We need to write an owner’s manual for progress. Currently we are like children who unwrap a gift and start using it immediately. The platforms operated by Google or Facebook are now so large they have become system-relevant. If a network can exert such a great amount of influence on our co-existence as a society, we need to insist that they disclose their algorithms.
The mass media have developed into the media of the masses, because anyone can publish something and reach millions of people with it. This is a great opportunity on the one hand, but whoever has hundreds of thousands of followers also has an influence on our society and therefore bears a different kind of responsibility. I believe this requires a different set of rules. Today we can already see how social networks are becoming a breeding ground for "alternative truths" in a fragmented party landscape, with a social discourse that is driven by algorithms.
Our digital culture offers us a new type of cooperation that was unknown to us in previous years. We need to learn the rules of this cooperation and actively pursue the opportunities it is opening up. It would be a sad state of affairs if digitization ultimately blew up in our faces just because we failed to do our homework.

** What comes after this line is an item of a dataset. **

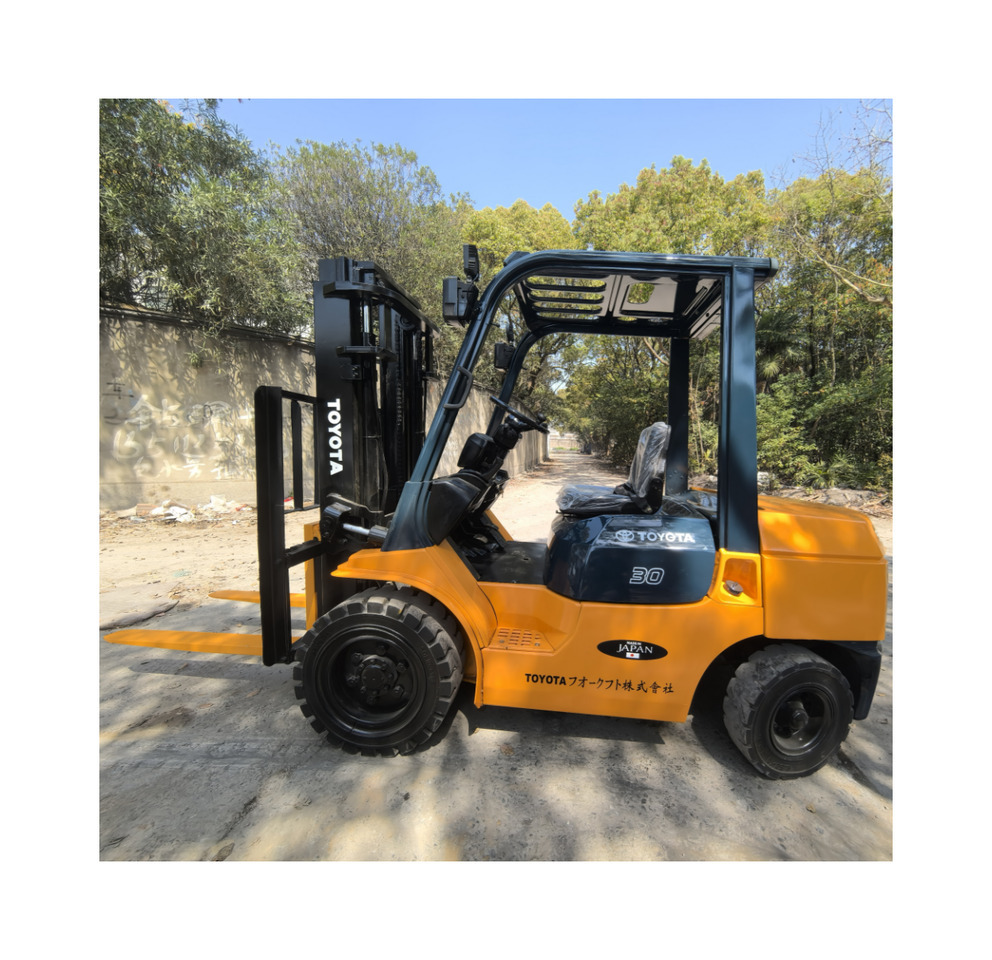 Toyota FD30 Forklift - Dieselový vysokozdvižný vozík: obrázek 3 Toyota FD30 Forklift - Dieselový vysokozdvižný vozík: obrázek 3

We might just experience a future in which we have digital servants who take care of the menial aspects of life, while we humans take care of the things that are important to our society. To put it bluntly: If machines can program machines, it makes little sense for humans to learn a programming language. Isn't it smarter then to give our children a feel for poetry and painting? The digital revolution is opening up new opportunities for us, but it is also changing our society.
We are thus faced with incredibly exciting times which have the potential to make our world more worthwhile. The present crucial phase harbors a number of questions: What is the significance of work? What are our shared objectives? What are the values of a new society and how will we succeed in making a stable transition from the world of today to the world of tomorrow? It is a rocky road we must travel, one that will be molded by a great deal of social discourse, not just business models.